* **EXERCISE DATA**:
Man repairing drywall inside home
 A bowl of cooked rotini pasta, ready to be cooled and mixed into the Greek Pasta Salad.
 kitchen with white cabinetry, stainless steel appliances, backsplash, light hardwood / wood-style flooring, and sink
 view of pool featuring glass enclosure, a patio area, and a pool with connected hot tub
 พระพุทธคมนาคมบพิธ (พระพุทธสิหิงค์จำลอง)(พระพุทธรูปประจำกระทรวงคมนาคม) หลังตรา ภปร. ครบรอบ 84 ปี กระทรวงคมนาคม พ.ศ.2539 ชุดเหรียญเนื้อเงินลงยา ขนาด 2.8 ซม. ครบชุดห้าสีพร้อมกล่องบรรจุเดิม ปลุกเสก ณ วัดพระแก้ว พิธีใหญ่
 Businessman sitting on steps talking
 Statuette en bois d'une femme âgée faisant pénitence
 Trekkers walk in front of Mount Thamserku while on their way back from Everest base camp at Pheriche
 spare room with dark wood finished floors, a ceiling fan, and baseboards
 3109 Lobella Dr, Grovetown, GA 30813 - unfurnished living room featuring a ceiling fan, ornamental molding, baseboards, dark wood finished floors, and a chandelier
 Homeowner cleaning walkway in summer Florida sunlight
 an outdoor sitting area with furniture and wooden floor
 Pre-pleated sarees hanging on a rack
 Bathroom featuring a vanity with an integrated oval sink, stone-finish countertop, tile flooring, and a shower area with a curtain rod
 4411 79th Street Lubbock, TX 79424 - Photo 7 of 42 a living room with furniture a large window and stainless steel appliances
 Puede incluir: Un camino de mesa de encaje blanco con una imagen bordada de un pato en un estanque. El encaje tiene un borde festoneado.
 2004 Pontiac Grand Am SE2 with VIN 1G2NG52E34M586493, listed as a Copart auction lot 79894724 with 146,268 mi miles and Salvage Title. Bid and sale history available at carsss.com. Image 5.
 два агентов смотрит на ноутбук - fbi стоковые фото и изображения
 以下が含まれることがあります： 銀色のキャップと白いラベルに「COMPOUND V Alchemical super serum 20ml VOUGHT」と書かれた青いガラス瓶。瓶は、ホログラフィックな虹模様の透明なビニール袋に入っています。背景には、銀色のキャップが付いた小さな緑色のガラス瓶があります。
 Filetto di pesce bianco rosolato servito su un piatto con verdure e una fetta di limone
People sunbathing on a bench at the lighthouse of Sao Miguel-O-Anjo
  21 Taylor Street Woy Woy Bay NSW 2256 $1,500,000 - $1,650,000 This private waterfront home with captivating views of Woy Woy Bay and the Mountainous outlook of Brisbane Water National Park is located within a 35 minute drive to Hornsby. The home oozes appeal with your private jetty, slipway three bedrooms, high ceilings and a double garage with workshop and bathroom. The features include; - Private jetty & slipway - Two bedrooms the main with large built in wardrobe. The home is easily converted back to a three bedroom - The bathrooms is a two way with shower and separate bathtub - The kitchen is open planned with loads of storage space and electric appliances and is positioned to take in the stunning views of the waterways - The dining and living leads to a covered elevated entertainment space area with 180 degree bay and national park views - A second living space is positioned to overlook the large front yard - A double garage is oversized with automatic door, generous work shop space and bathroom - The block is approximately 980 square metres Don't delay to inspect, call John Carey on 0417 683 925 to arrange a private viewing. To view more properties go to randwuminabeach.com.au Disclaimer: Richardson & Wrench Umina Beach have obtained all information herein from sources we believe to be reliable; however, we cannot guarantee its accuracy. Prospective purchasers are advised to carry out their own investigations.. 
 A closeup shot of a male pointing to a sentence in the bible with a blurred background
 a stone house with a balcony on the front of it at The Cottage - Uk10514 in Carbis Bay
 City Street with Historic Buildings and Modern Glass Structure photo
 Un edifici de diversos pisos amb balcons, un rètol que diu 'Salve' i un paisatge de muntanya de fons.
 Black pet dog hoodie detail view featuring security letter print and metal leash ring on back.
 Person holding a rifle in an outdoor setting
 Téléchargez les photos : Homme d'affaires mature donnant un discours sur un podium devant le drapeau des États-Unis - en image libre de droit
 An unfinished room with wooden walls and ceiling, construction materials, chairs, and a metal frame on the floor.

* **TASK DESCRIPTION**: Each entry in the data should be restated exactly as it was written.

* **RESPONSE**:
Man repairing drywall inside home
 A bowl of cooked rotini pasta, ready to be cooled and mixed into the Greek Pasta Salad.
 kitchen with white cabinetry, stainless steel appliances, backsplash, light hardwood / wood-style flooring, and sink
 view of pool featuring glass enclosure, a patio area, and a pool with connected hot tub
 พระพุทธคมนาคมบพิธ (พระพุทธสิหิงค์จำลอง)(พระพุทธรูปประจำกระทรวงคมนาคม) หลังตรา ภปร. ครบรอบ 84 ปี กระทรวงคมนาคม พ.ศ.2539 ชุดเหรียญเนื้อเงินลงยา ขนาด 2.8 ซม. ครบชุดห้าสีพร้อมกล่องบรรจุเดิม ปลุกเสก ณ วัดพระแก้ว พิธีใหญ่
 Businessman sitting on steps talking
 Statuette en bois d'une femme âgée faisant pénitence
 Trekkers walk in front of Mount Thamserku while on their way back from Everest base camp at Pheriche
 spare room with dark wood finished floors, a ceiling fan, and baseboards
 3109 Lobella Dr, Grovetown, GA 30813 - unfurnished living room featuring a ceiling fan, ornamental molding, baseboards, dark wood finished floors, and a chandelier
 Homeowner cleaning walkway in summer Florida sunlight
 an outdoor sitting area with furniture and wooden floor
 Pre-pleated sarees hanging on a rack
 Bathroom featuring a vanity with an integrated oval sink, stone-finish countertop, tile flooring, and a shower area with a curtain rod
 4411 79th Street Lubbock, TX 79424 - Photo 7 of 42 a living room with furniture a large window and stainless steel appliances
 Puede incluir: Un camino de mesa de encaje blanco con una imagen bordada de un pato en un estanque. El encaje tiene un borde festoneado.
 2004 Pontiac Grand Am SE2 with VIN 1G2NG52E34M586493, listed as a Copart auction lot 79894724 with 146,268 mi miles and Salvage Title. Bid and sale history available at carsss.com. Image 5.
 два агентов смотрит на ноутбук - fbi стоковые фото и изображения
 以下が含まれることがあります： 銀色のキャップと白いラベルに「COMPOUND V Alchemical super serum 20ml VOUGHT」と書かれた青いガラス瓶。瓶は、ホログラフィックな虹模様の透明なビニール袋に入っています。背景には、銀色のキャップが付いた小さな緑色のガラス瓶があります。
 Filetto di pesce bianco rosolato servito su un piatto con verdure e una fetta di limone
People sunbathing on a bench at the lighthouse of Sao Miguel-O-Anjo
  21 Taylor Street Woy Woy Bay NSW 2256 $1,500,000 - $1,650,000 This private waterfront home with captivating views of Woy Woy Bay and the Mountainous outlook of Brisbane Water National Park is located within a 35 minute drive to Hornsby. The home oozes appeal with your private jetty, slipway three bedrooms, high ceilings and a double garage with workshop and bathroom. The features include; - Private jetty & slipway - Two bedrooms the main with large built in wardrobe. The home is easily converted back to a three bedroom - The bathrooms is a two way with shower and separate bathtub - The kitchen is open planned with loads of storage space and electric appliances and is positioned to take in the stunning views of the waterways - The dining and living leads to a covered elevated entertainment space area with 180 degree bay and national park views - A second living space is positioned to overlook the large front yard - A double garage is oversized with automatic door, generous work shop space and bathroom - The block is approximately 980 square metres Don't delay to inspect, call John Carey on 0417 683 925 to arrange a private viewing. To view more properties go to randwuminabeach.com.au Disclaimer: Richardson & Wrench Umina Beach have obtained all information herein from sources we believe to be reliable; however, we cannot guarantee its accuracy. Prospective purchasers are advised to carry out their own investigations.. 
 A closeup shot of a male pointing to a sentence in the bible with a blurred background
 a stone house with a balcony on the front of it at The Cottage - Uk10514 in Carbis Bay
 City Street with Historic Buildings and Modern Glass Structure photo
 Un edifici de diversos pisos amb balcons, un rètol que diu 'Salve' i un paisatge de muntanya de fons.
 Black pet dog hoodie detail view featuring security letter print and metal leash ring on back.
 Person holding a rifle in an outdoor setting
 Téléchargez les photos : Homme d'affaires mature donnant un discours sur un podium devant le drapeau des États-Unis - en image libre de droit
 An unfinished room with wooden walls and ceiling, construction materials, chairs, and a metal frame on the floor.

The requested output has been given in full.